Why is Rust NLL not working for multiple borrows in the same statement?

Question

First, I tried something like this:

let mut vec = vec![0];
vec.rotate_right(vec.len());

It can't be compiled because:

error[E0502]: cannot borrow `vec` as immutable because it is also borrowed as mutable

I thought that the Rust borrow checker could be smarter than this, so I found something called NLL, and it should solve this problem.

I tried the sample:

let mut vec = vec![0];
vec.resize(vec.len(), 0);

It could work, but why is it not working with rotate_right? Both of them take a &mut self. What's going on?

Answer 1

It is definitely an interesting one.

They are similar - but not quite the same. resize() is a member of Vec. rotate_right(), on the other hand, is a method of slices.

Vec<T> derefs to [T], so most of the time this does not matter. But actually, while this call:

vec.resize(vec.len(), 0);

Desugars to something like:

<Vec<i32>>::resize(&mut vec, <Vec<i32>>::len(&vec), 0);

This call:

vec.rotate_right(vec.len());

Is more like:

<[i32]>::rotate_right(
    <Vec<i32> as DerefMut>::deref_mut(&mut vec),
    <Vec<i32>>::len(&vec),
);

But in what order?

This is the MIR for rotate_right() (simplified a lot):

fn foo() -> () {
    _4 = <Vec<i32> as DerefMut>::deref_mut(move _5);
    _6 = Vec::<i32>::len(move _7);
    _2 = core::slice::<impl [i32]>::rotate_right(move _3, move _6);
}

And this is the MIR for resize() (again, simplified a lot):

fn foo() -> () {
    _4 = Vec::<i32>::len(move _5);
    _2 = Vec::<i32>::resize(move _3, move _4, const 0_i32);
}

In the resize() example, we first call Vec::len() with a reference to vec.
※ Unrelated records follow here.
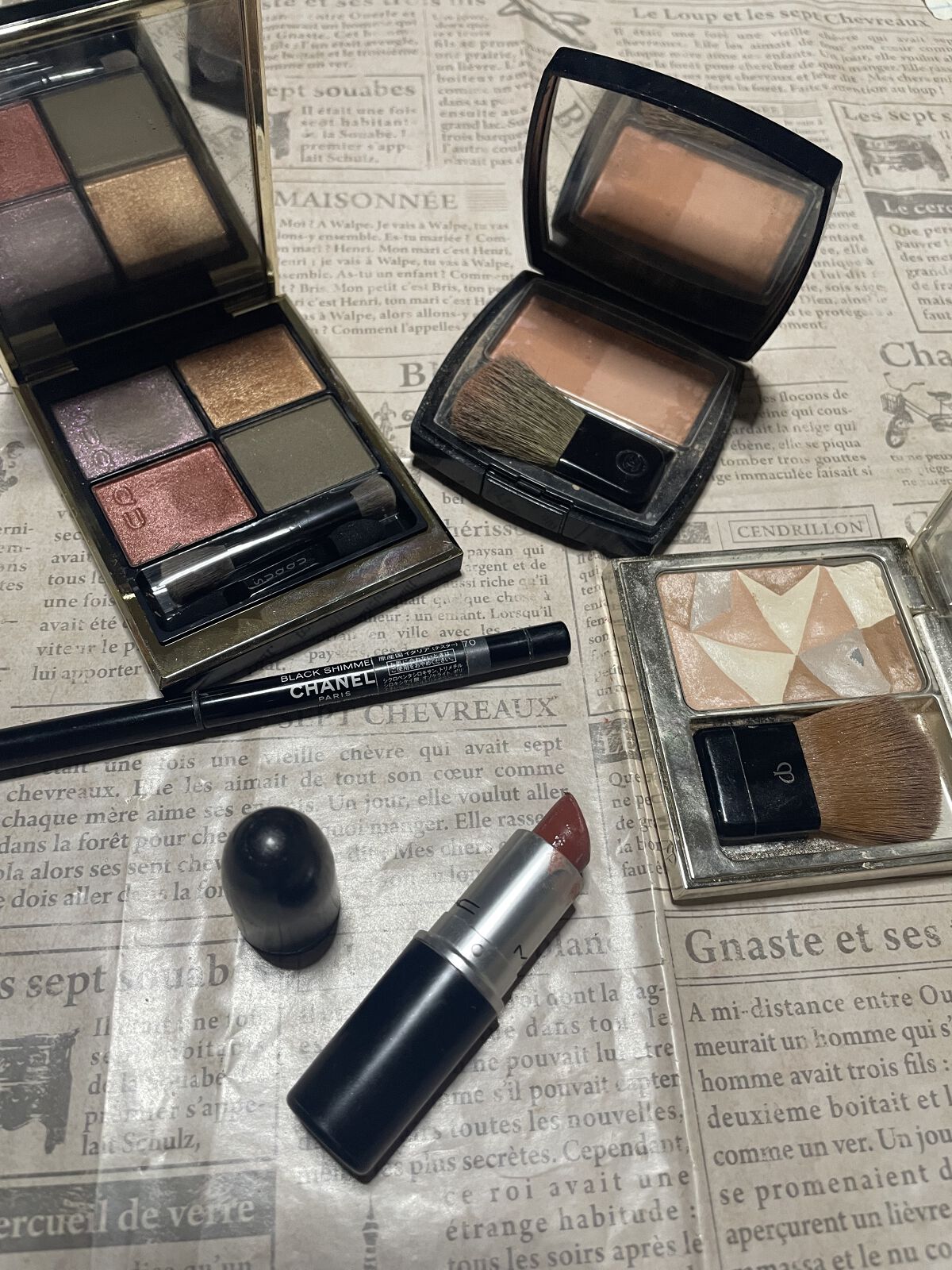 リップスティック/M・A・C/口紅を使ったクチコミ（1枚目）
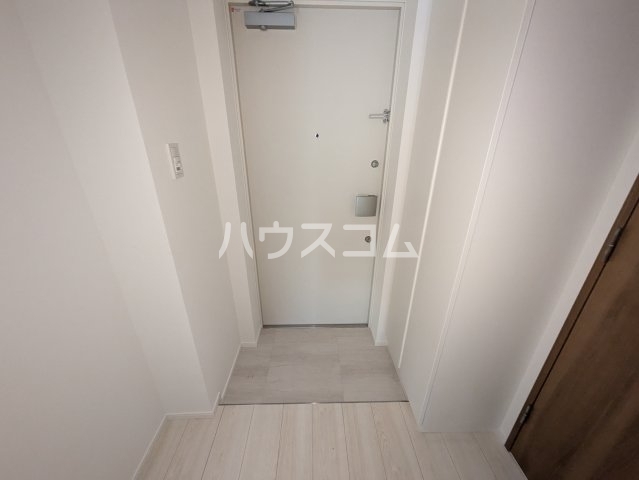 7/26 玄関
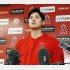 大谷にメディアが群がるのも当然（Ｃ）共同通信社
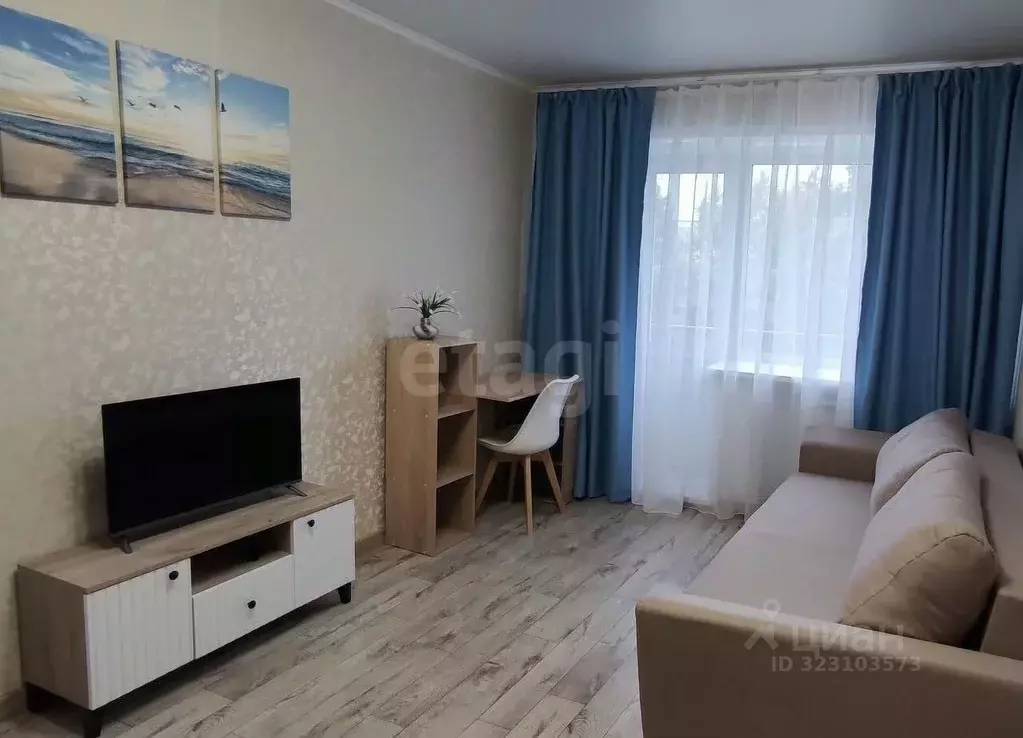 1-к кв. Новосибирская область, Новосибирск ул. Титова, 11 (33.0 м) - Фото 1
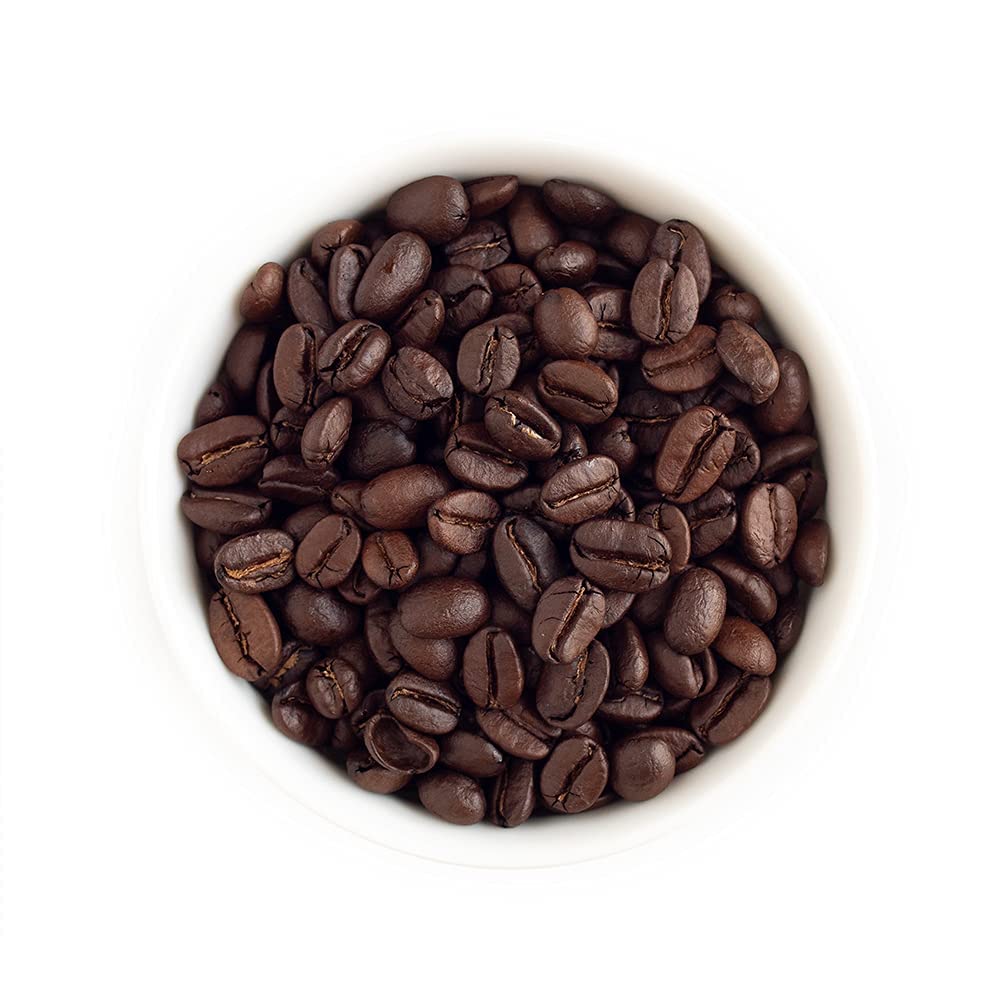 Fresh Roasted Coffee, Organic Dark Mexican | Mold & Myco 3rd Party Tested, USDA Organic, Kosher | Dark Roast 2 lb (32 oz) Whole Bean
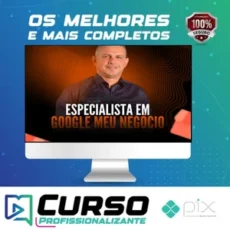 Especialista em Google Meu Negócio - Júnior Mafra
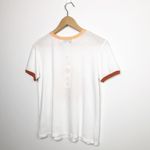 Wildfox distressed graphic T-shirt Photo 1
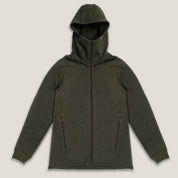 Hooded Jacket Merino – AirWool 280 Men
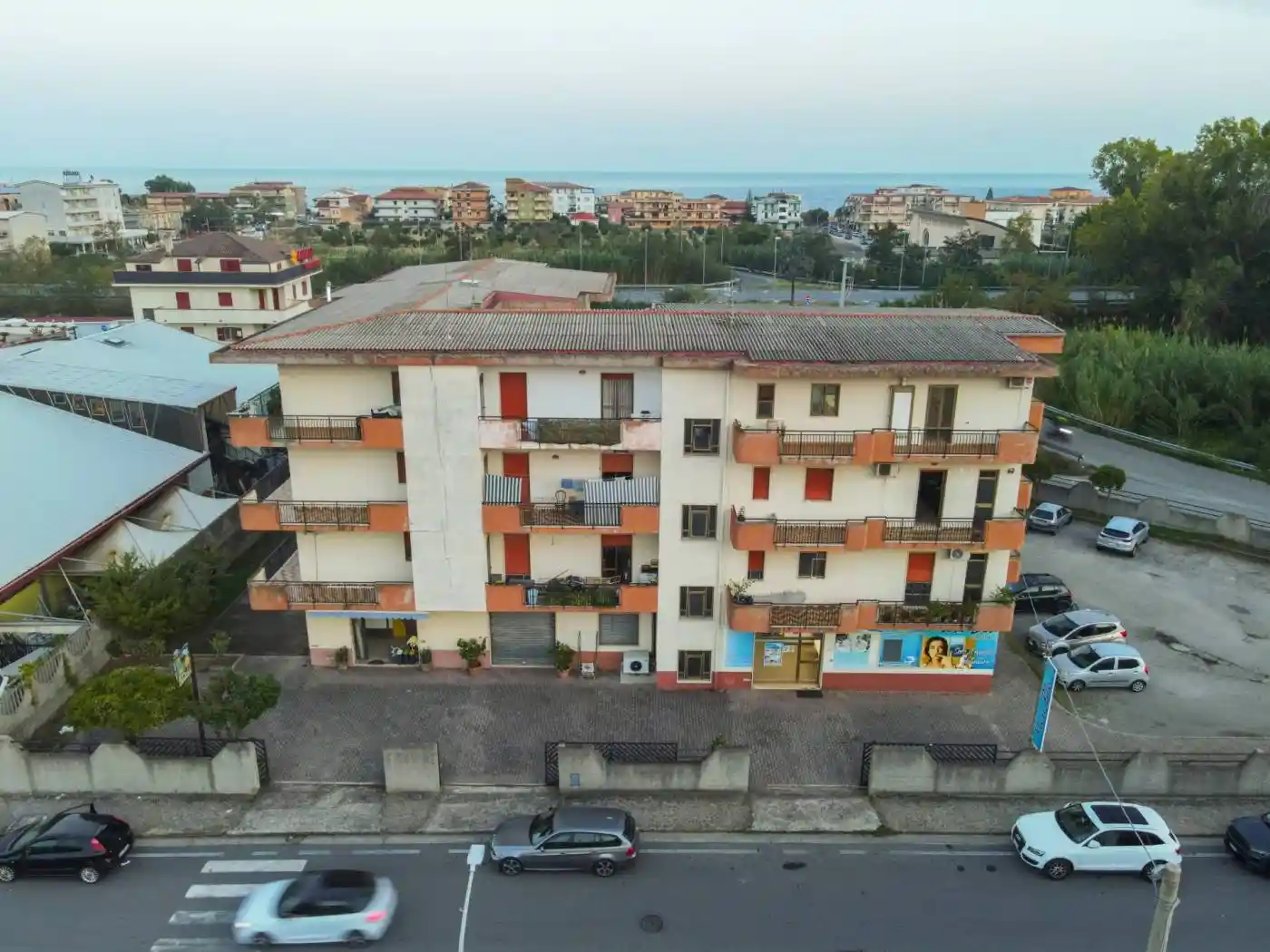 Terratetto unifamiliare via Garibaldi snc, Montepaone Lido, Montepaone - foto 4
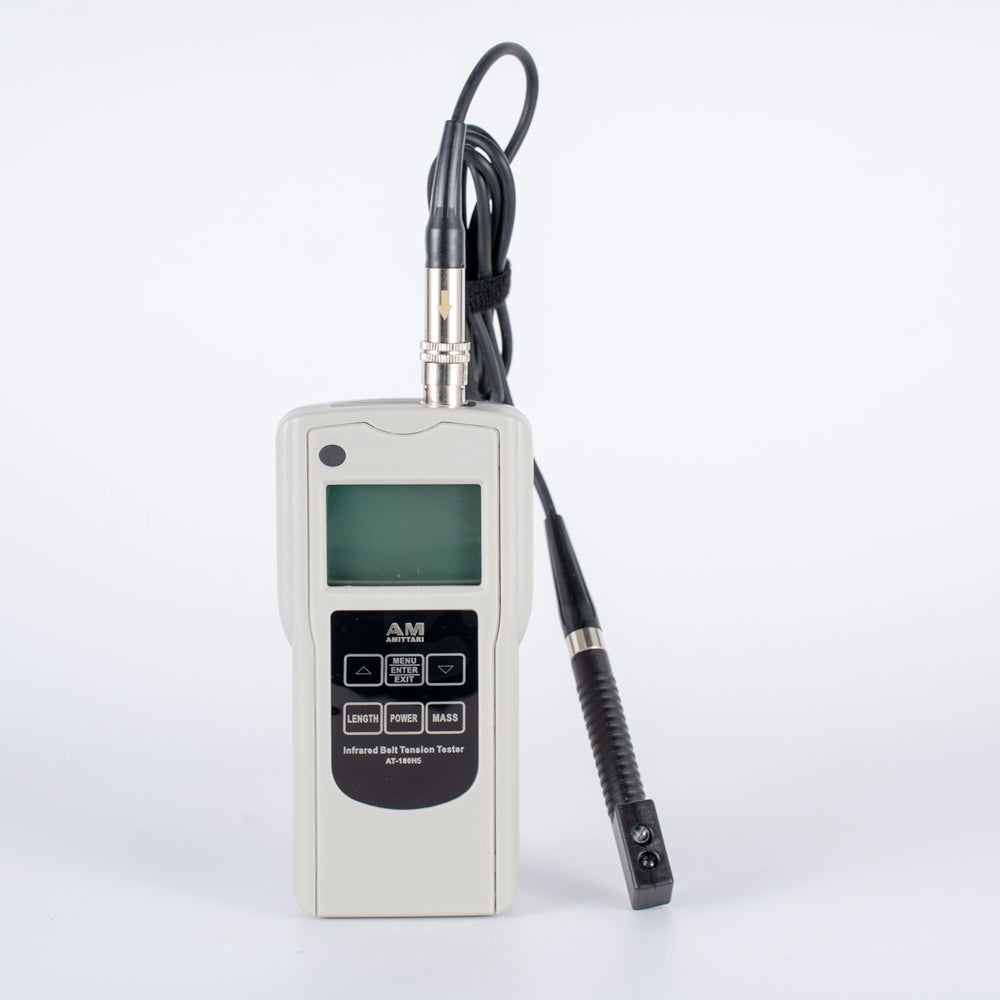 Infrared Belt Tension Tester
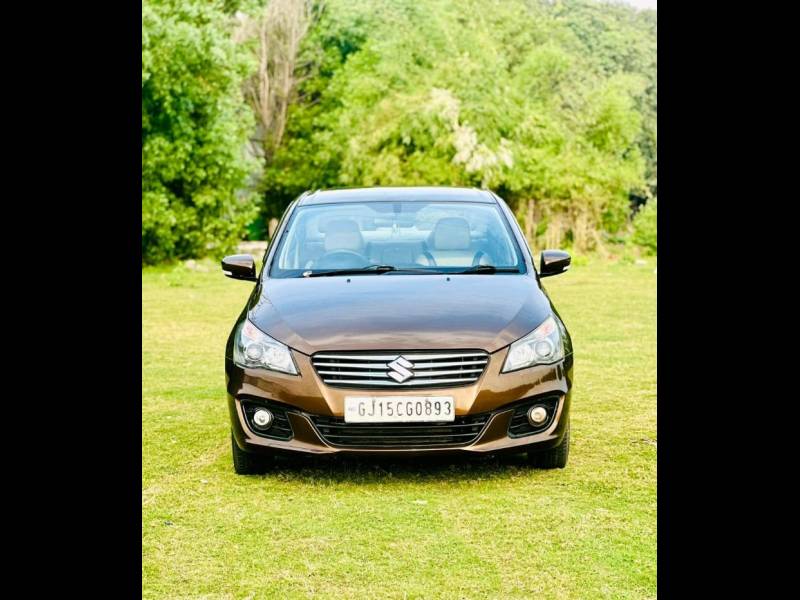 Maruti Suzuki Ciaz VDi+ SHVS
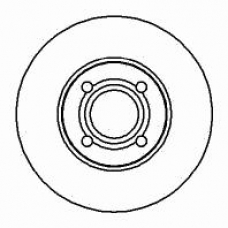 1815204739 S.b.s. Тормозной диск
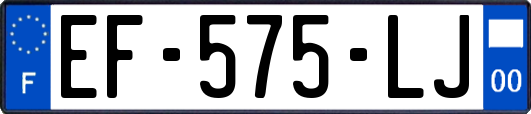 EF-575-LJ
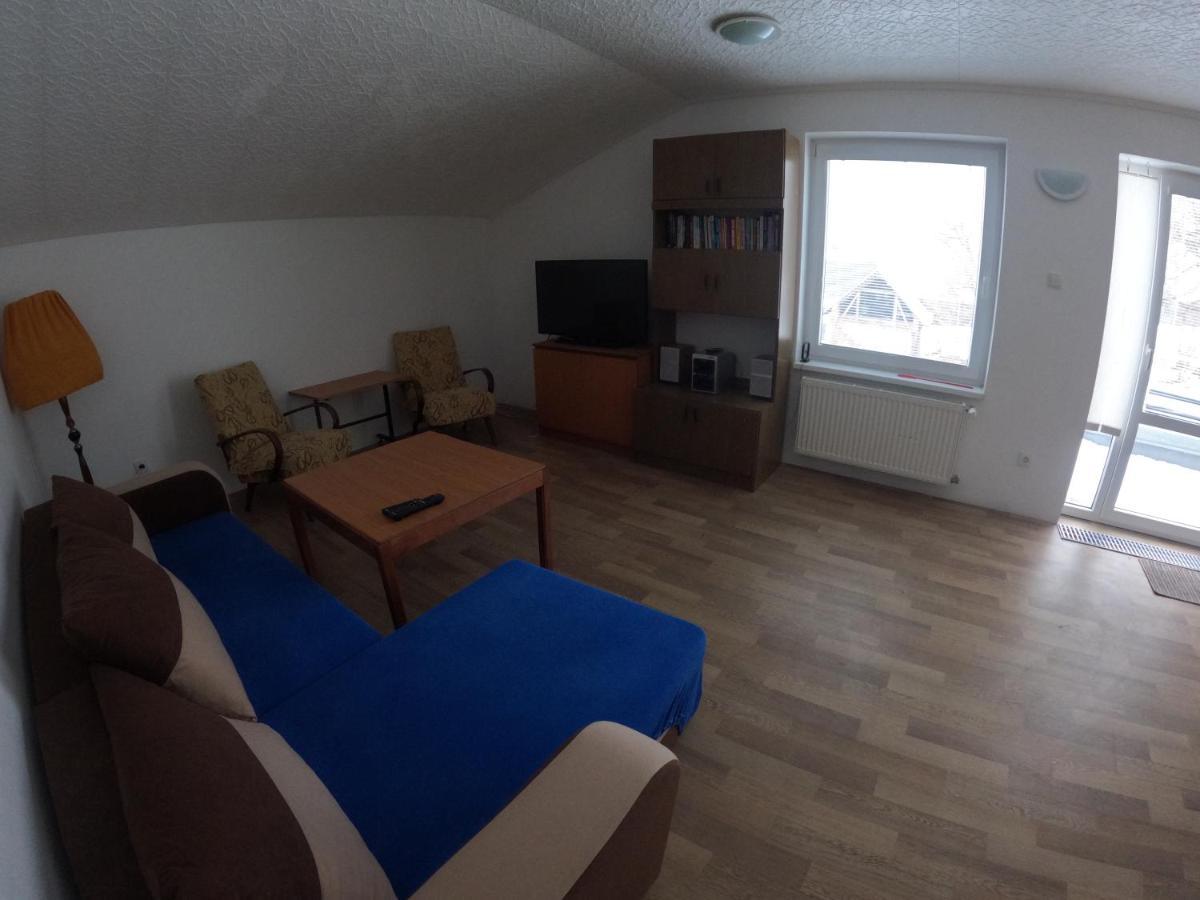 Apartmán U Švejdy Skuhrov nad Belou Exterior foto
This returns usize. Then we call Vec::resize(), when we have no outstanding references to vec, so mutably borrowing it is fine!

However, with rotate_right(), first we call <Vec<i32> as DerefMut>::deref_mut(&mut vec). This returns &mut [i32], with its lifetime tied to vec. That is, as long as this reference (mutable reference!) is alive, we are not allowed to use have any other reference to vec. But then we try to borrow vec in order to pass the (shared, but it doesn't matter) reference to Vec::len(), while we still need to use the mutable reference from deref_mut() later, in the call to <[i32]>::rotate_right()! This is an error.

This is because Rust defines an evaluation order for operands:

Expressions taking multiple operands are evaluated left to right as written in the source code.

Because vec.resize() is actually (&mut *vec).rotate_right(), we first evaluate the dereference+reference, then the arguments:

let dereferenced_vec = &mut *vec;
let len = vec.len();
dereferencec_vec.rotate_right(len);

Which is obviously a violation of the borrow rules.

On the other hand, vec.resize(vec.len()) has no work to do on the callee (vec), and so we first evaluate vec.len(), and then the call itself.

Solving this is as easy as extracting the vec.len() to a new line (new statement, to be precise), and the compiler also suggests that.

Answer 2

The only structural difference between these two calls is the target: rotate_right() is defined on a slice, while resize() is defined on a Vec. This means that the non-working case has an additional Deref coercion (in this case DerefMut) that must pass the borrow checker.

This is actually outside the realm of non-lexical lifetime rules since how long the references live is not important. This curiosity would fall under evaluation order rules; more specifically, given vec.rotate_right(vec.len()), when does the coercion from &mut Vec<_> to &mut [_] occur? Before or after vec.len()?

Evaluation order for function and method calls is left-to-right, so the coercion must be evaluated before the other parameters, meaning vec is already mutably borrowed before vec.len() is called.